Brent crude futures are trading at $67.26 Monday and West Texas Intermediate (WTI) is trade at $58.46. Malek said that the trouble with cutting production -- and the corresponding rise in oil prices -- is that it encouraged more output from U.S. shale producers as the price per barrel becomes more attractive.

More production from U.S. shale producers could affect supply and demand dynamics, putting downward pressure on oil prices if supply outweighs demand.

"The issue, however, is that at that (price) level you are seeing more U.S. shale production, more non-OPEC non-U.S. production, meaning that what you could end up seeing is a transient period of tightness but just a continuation of this oversupply that continues to recur over the next 6-12 months so you never actually see a tight market."

Staying the course

Oil markets have been digesting the latest comments from Saudi Arabia's Energy Minister Khalid Al-Falih this weekend after the 'OPEC+' group of OPEC and non-OPEC producers met in Baku, Azerbaijan.

Al-Falih said on Sunday that the 14-member OPEC and its allied 11 non-OPEC producers, led by Russia, will "stay the course" in terms of their strategic cut to production to balance supply and demand dynamics and stabilize oil prices.

He said he was optimistic" about the prospect of continued commitment to the OPEC-led production cuts and reiterated that position on Monday.

"What guides me in this group of 25 producing countries (the OPEC-plus group) is the level of inventories, and as long as the inventories are rising and are far from normal levels, we will stay the course of guiding the market toward balance. I think that's what consumers and producers around the world want from us," Al-Falih told reporters in Azerbaijan.

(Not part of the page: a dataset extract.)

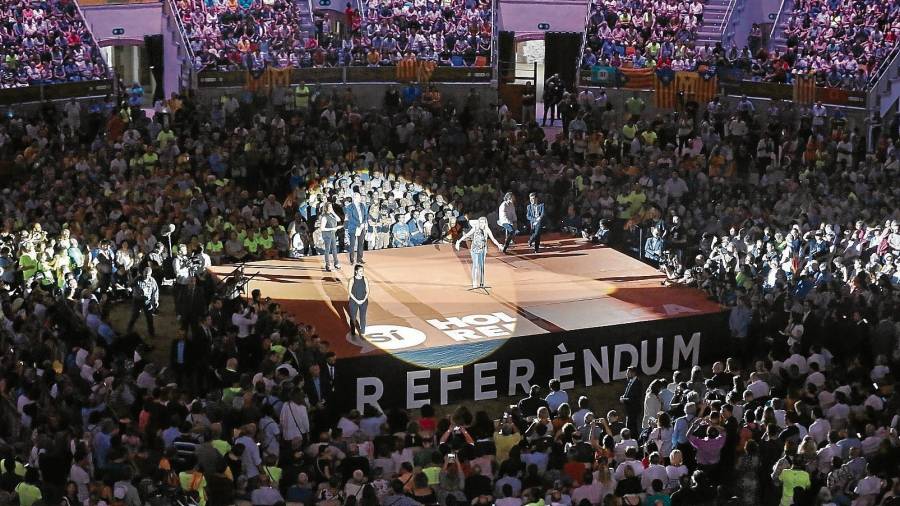 El acto se celebró el pasado 14 de septiembre en la TAP en lo que era el inicio de la campaña proreferéndum del 1 de octubre. FOTO: Pere Ferré/DT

The current arrangement sees OPEC (except for sanction-hit Venezuela and Iran, and turbulent Libya) and non-OPEC producers (bar the U.S.) cutting production by 1.2 million barrels per day and is due to last until June 2019.

"We're in a position now where they're (OPEC+ is) looking towards Iran, looking towards U.S. policy to see what the next stops are. Our base case scenario at JPMorgan is that we see cuts going on into the second-half of this year," he said.

He said Saudi Arabia wanted to "protect the price around $70 and therefore we don't see that changing even in the context of U.S. production moving higher. They're going to stay the course and we think they're going to follow-through into the second-half of the year."